Bryan foi três vezes candidato presidencial nomeado pelo Partido Democrático, foi Secretário de Estado e orador lendário com ideias políticas liberais e pontos de vistas religiosos conservadores. Ele simplesmente se ofereceu para apoiar a acusação por abraçar uma causa religiosa.

A Lei foi aceita por diversos estados do Sul do país, mas o caminho que o julgamento tornou foi bem interessante. Primeiramente, vale lembrar que Scopes não foi perseguido por fundamentalistas criacionistas, da mesma forma que não chegou a entrar em uma cela.

Clarence Darrow (1857 – 1938) era um conhecido advogado secularista nos EUA respeitado por ter defendido dois adolescentes (Leopold e Loeb) no seu julgamento pelo assassinato de Bobby Franks. Darrow defendeu John Scopes no julgamento; ele se opunha claramente ao defensor fundamentalista cristão William Jennings Bryan. Darrow era conhecido por seguir claramente uma posição agnóstica que marcou-o como um dos mais famosos advogados americanos e defensores dos direitos civis.

O juiz John T. Raulston permitiu que Darrow pusesse Bryan no banco como testemunha da defesa. O julgamento antes de tudo teve um papel fundamental; tornar Dayton uma cidade conhecida por todo os EUA, inclusive inaugurando a primeira transmissão ao vivo por rádio.

O juiz não tinha poder para determinar a constitucionalidade do estatuto e a “American Civil Liberties Union” (União Americana de Liberdades Civis) permitiu então uma condenação menos problemática. Bryan claramente dizia que desejava expulsar o ensino de evolução de sua cidade e o comparava com um ensinamento satânico. O principal discurso que Bryan adotou foi a alegação de que os seres humanos nem mesmo eram mamíferos.

Darrow, em contrapartida, colocou velhas questões éticas sobre a religião cristã: Se Jonas viveu de fato dentro de uma baleia durante três dias? Como poderia Josué aumentar a duração do dia fazendo sol e não a Terra parar? Deus criou a Eva a partir da costela de Adão?  Tais questões obrigou o Bryan a escolher entre suas crenças e a inteligência corrente nos tempos modernos que por vezes parecia quebrar na linha de fogo:

–  Afirma que tudo na Bíblia deve ser interpretado de forma literal?

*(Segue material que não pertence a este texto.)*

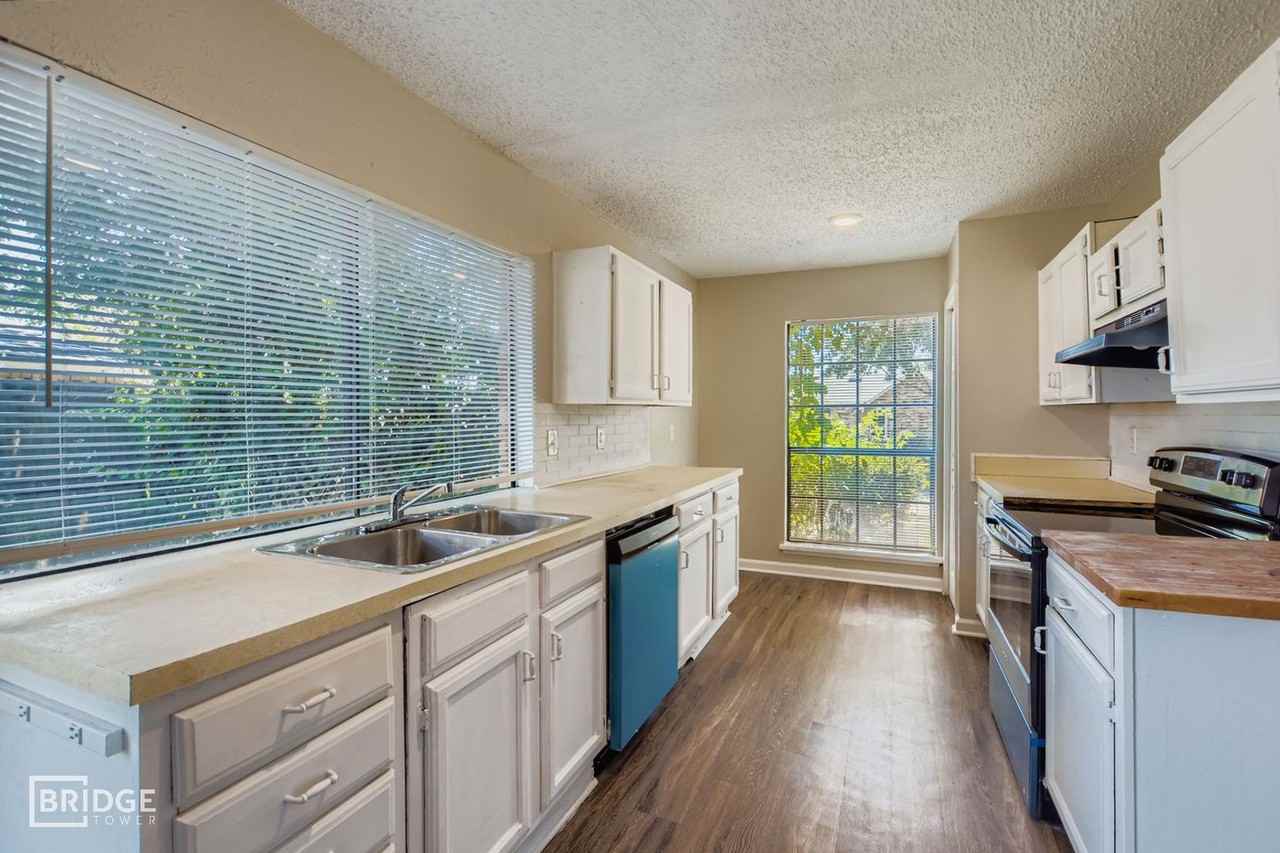 9117 Fairmont Circle - Photo 7 of 30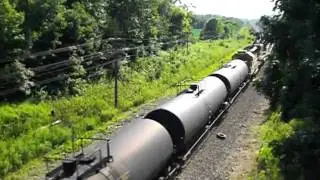 L-CHI102 with a Yellowbonnet SD40-2!
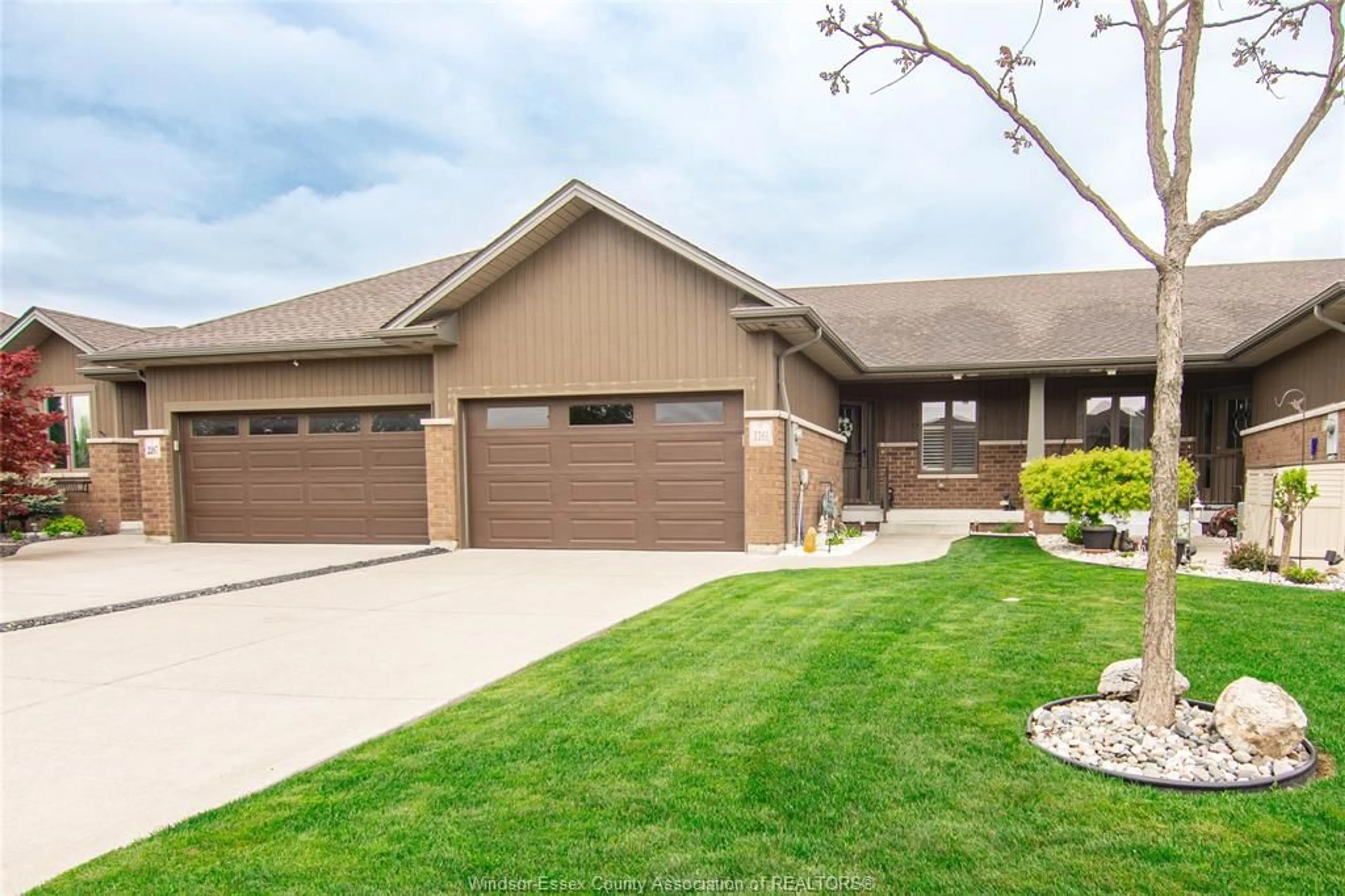 Home with brick exterior material, street for 2261 GATWICK Ave, Windsor Ontario N8P 0B6
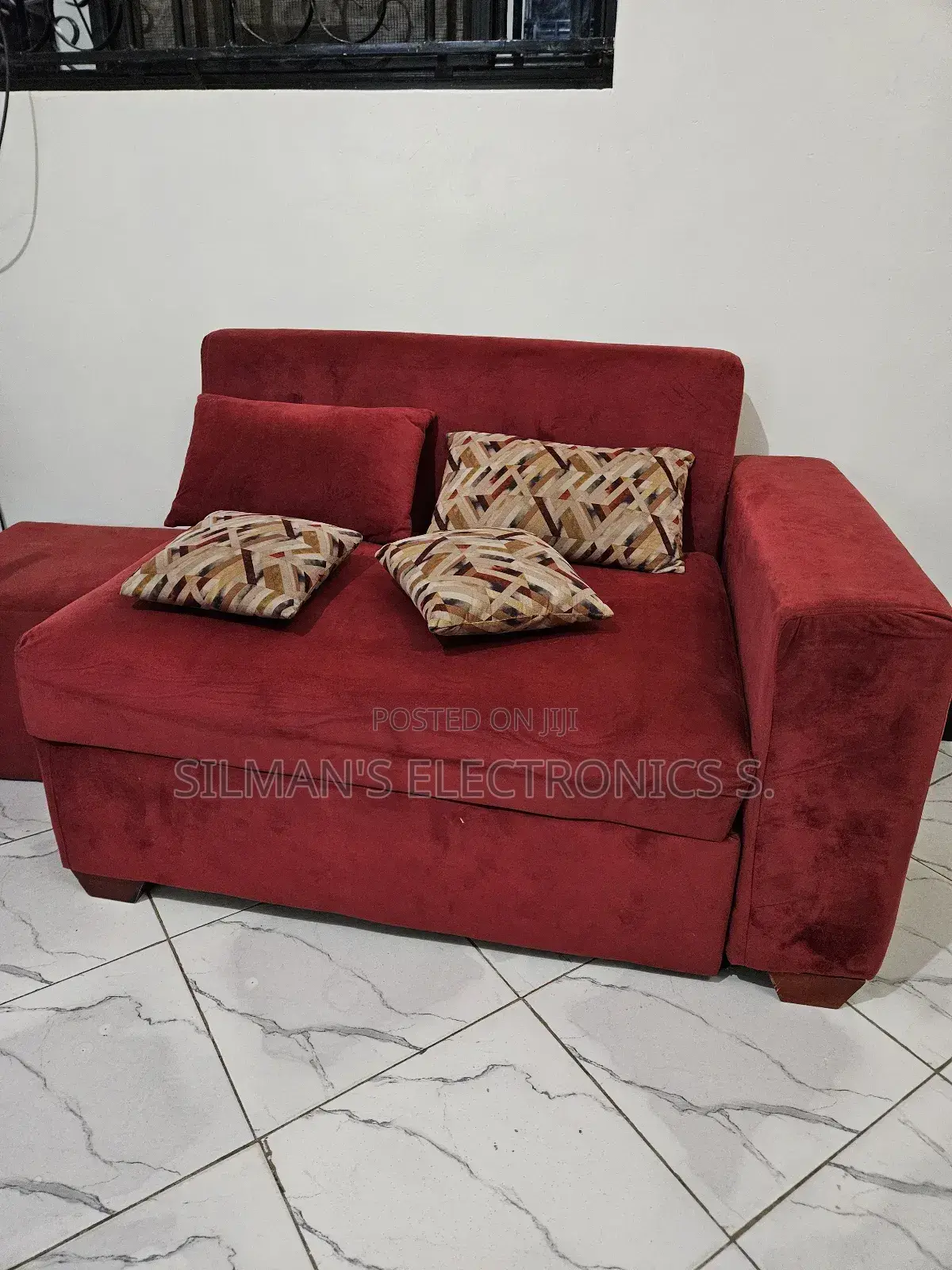 Used 7 Seater Chairs Available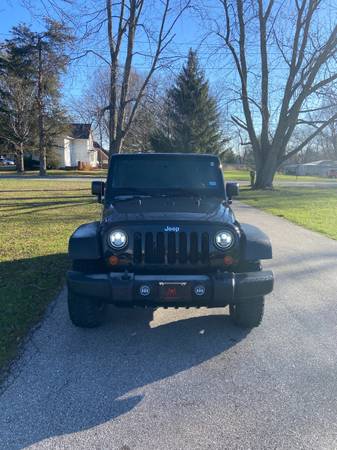 2010 Jeep Wrangler Rubicon - cars & trucks - by owner - vehicle... for sale in Indianapolis, IN – photo 4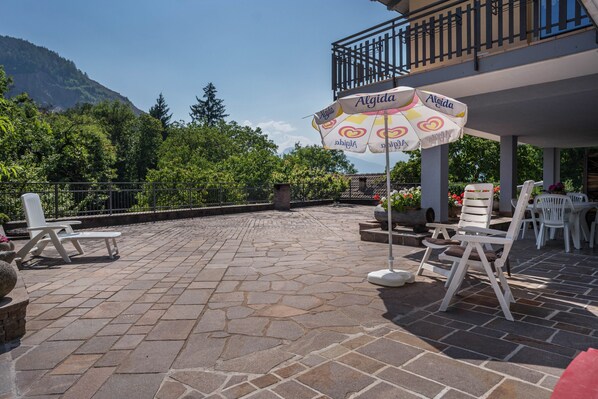 Outdoor dining - Apartment 'Lases Piano Terra' with Mountain View, Private Terrace and Wi-Fi (Lona- Lases)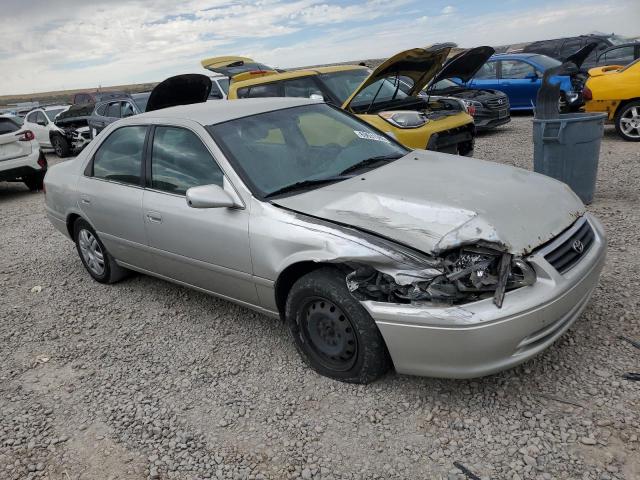 4T1BG22KXYU656186 - 2000 TOYOTA CAMRY CE ვერცხლისფერი ფოტო 4
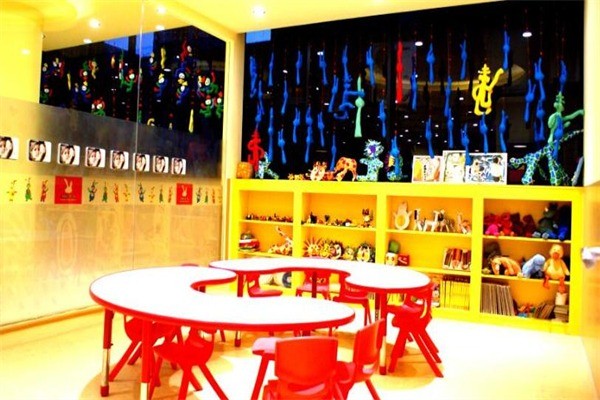 風(fēng)車少兒美術(shù)教育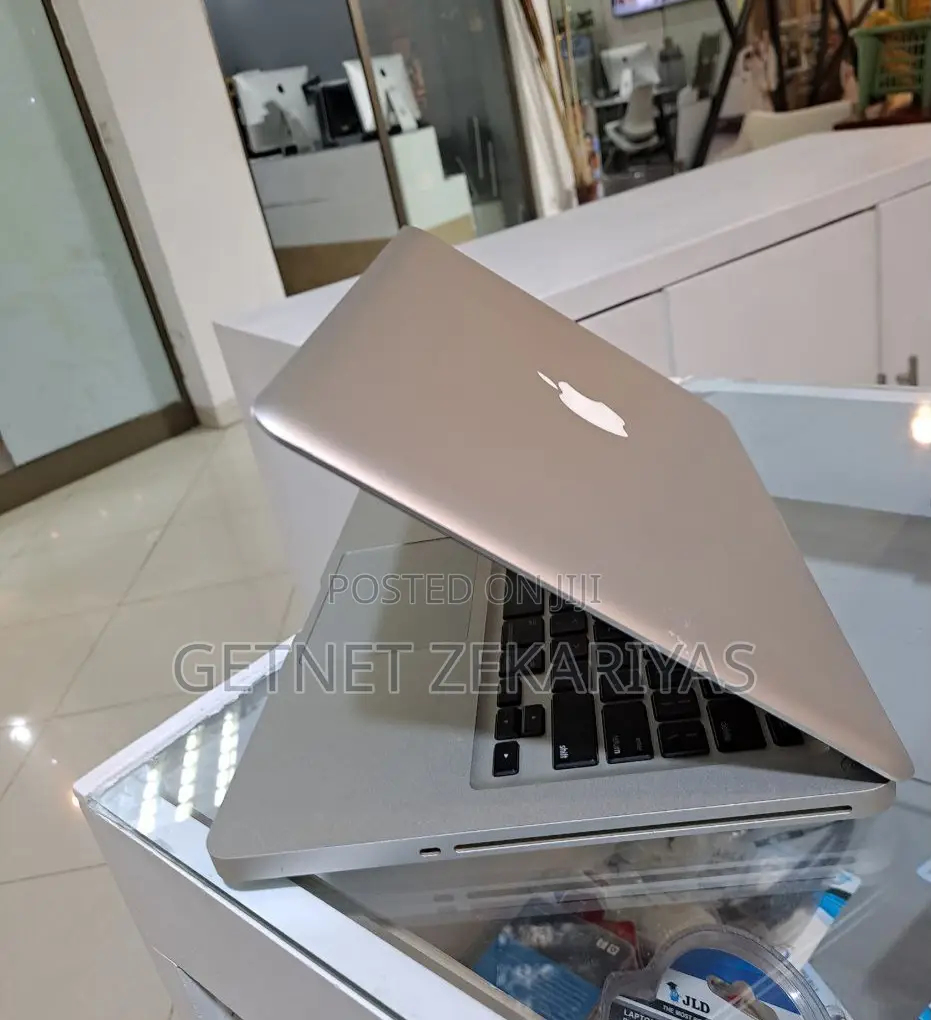 New Laptop Apple MacBook Pro 2012 8GB Intel Core 2 Duo HDD 500GB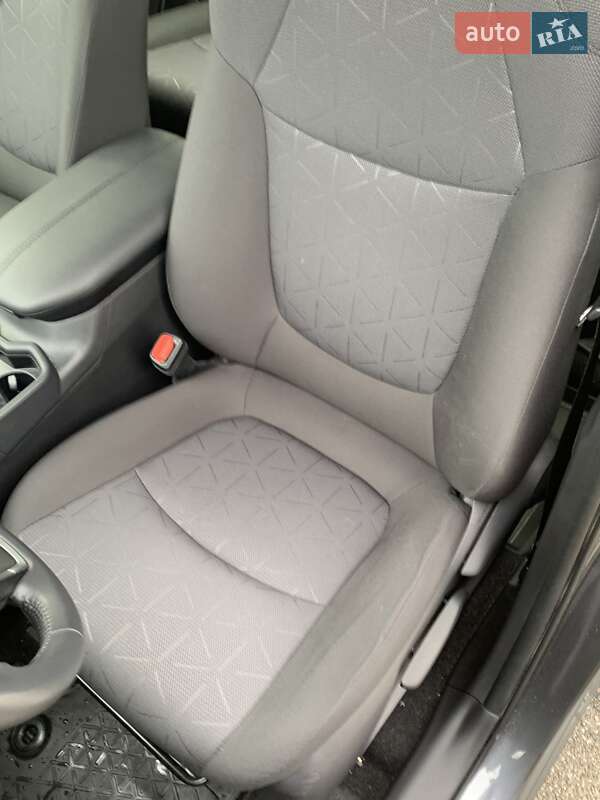 Внедорожник / Кроссовер Toyota RAV4 2020 в Киеве фото 24 Внедорожник / Кроссовер Toyota RAV4 2020 в Киеве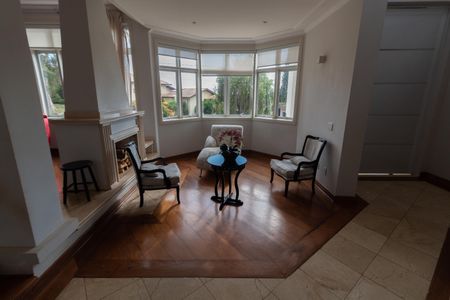 Casa de condomínio à venda com 750m², 4 quartos e 4 vagas Casa de condomínio à venda com 750m², 4 quartos e 4 vagasSALA DE ESTAR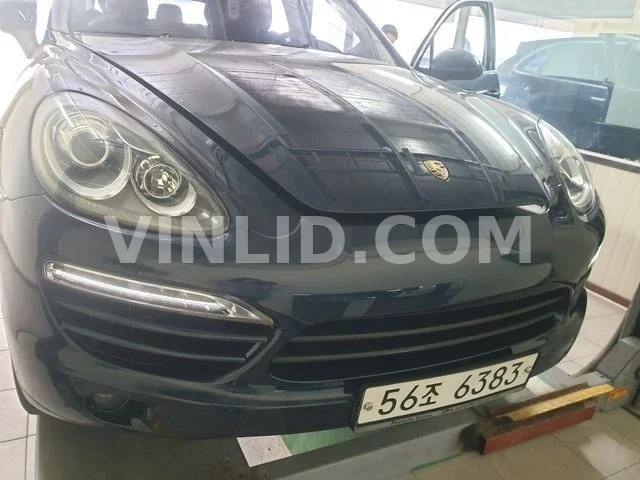 2011 Porsche New Cayenne - Photo 1
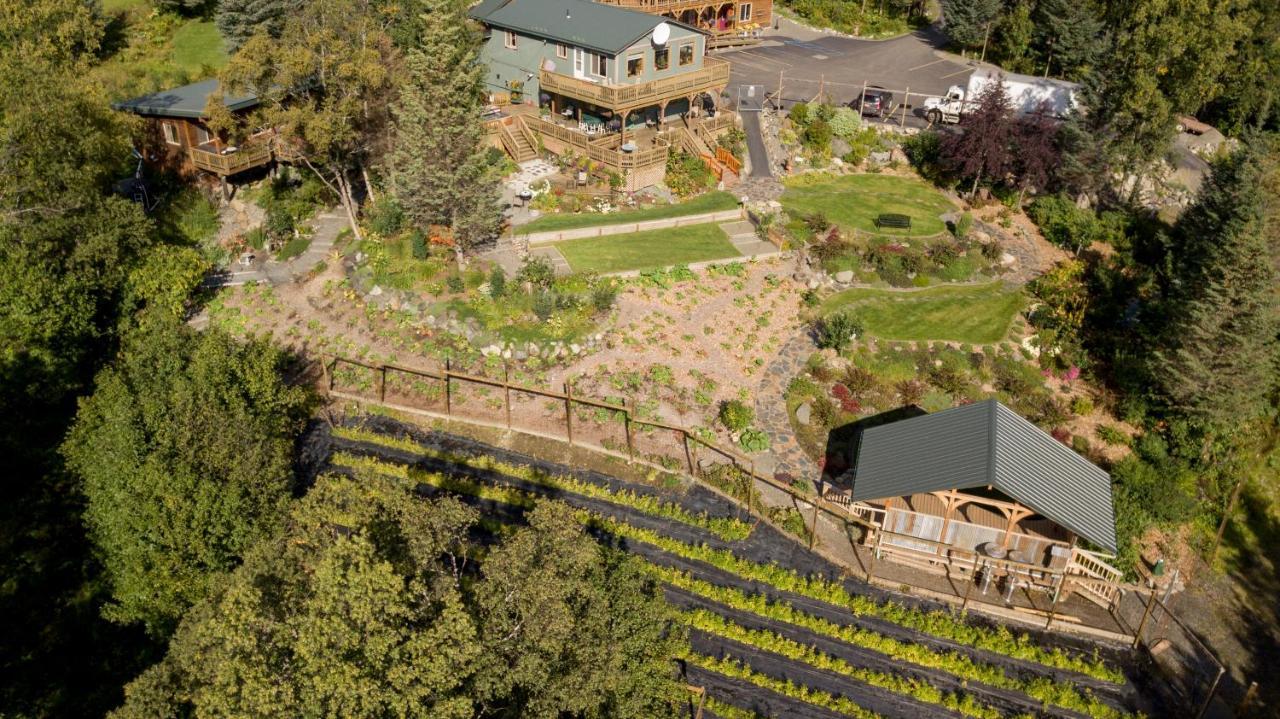 Bear Creek Winery And Lodging Homer Exterior photo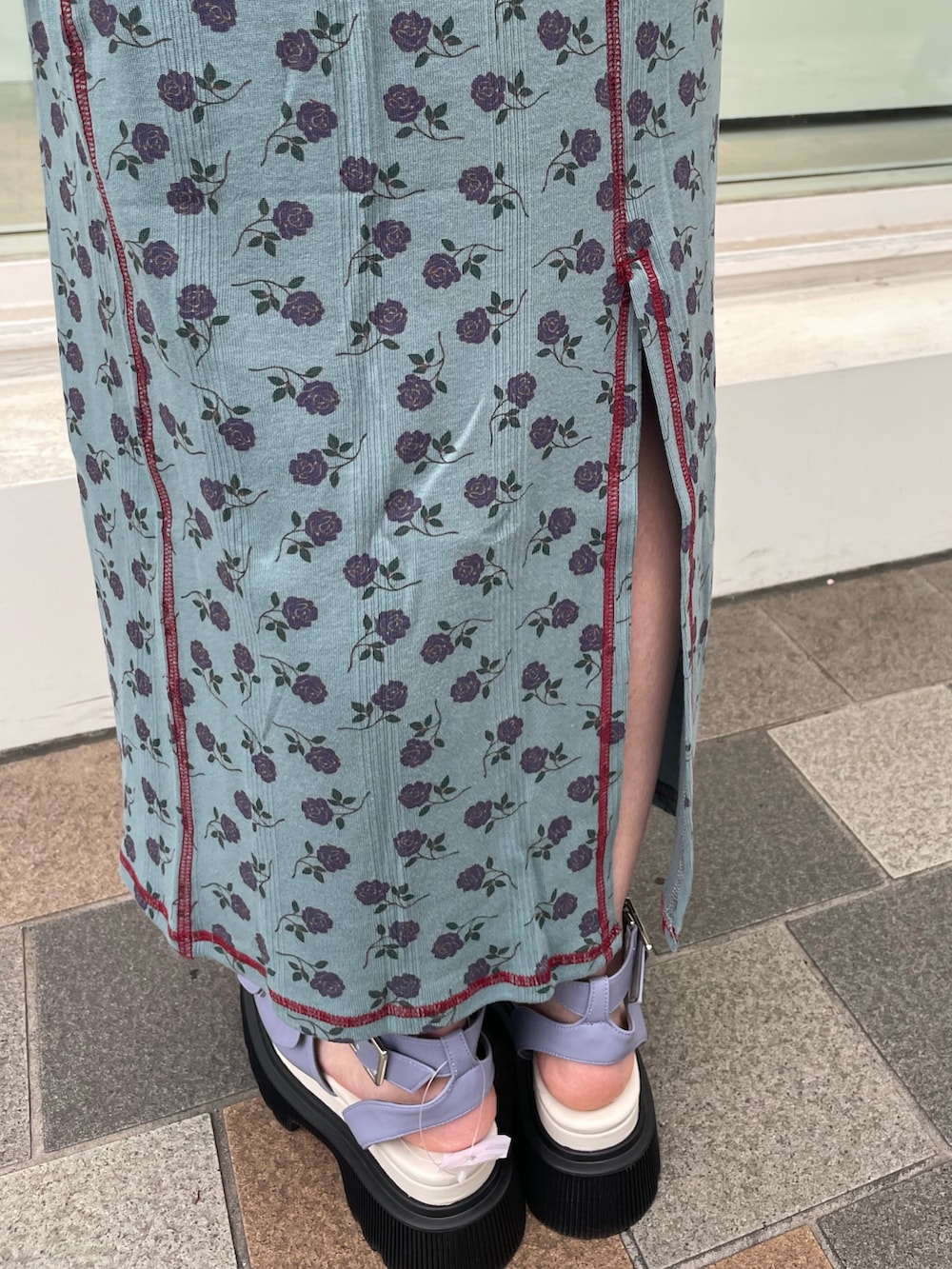 ブルー系のワンピース、パープル系のサンダル、レッド系のサングラスを着用したレディースの夏コーディネートの9枚目の写真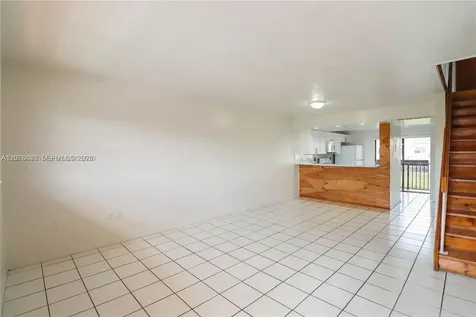 1279 W 51st Place Hialeah FL 33012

–  Acredito que tudo na Bíblia deve ser aceito como nos foi dado; parte da Bíblia é apresentada de forma ilustrativa […]

– mas quando lê […] que a baleia engoliu Jonas […] como é que interpreta literalmente isto?

– […] acredito em um Deus capaz de criar uma baleia e capaz de criar um homem e ainda capaz de levar ambos a fazer o que Ele quiser […]

– mas acredita que Ele criou –  que Ele criou uma tal baleia e que era suficientemente grande para engolir Jonas?

– Sim senhor! e até acrescento:  é tão fácil acreditar em um determinado milagre como acreditar em outro qualquer.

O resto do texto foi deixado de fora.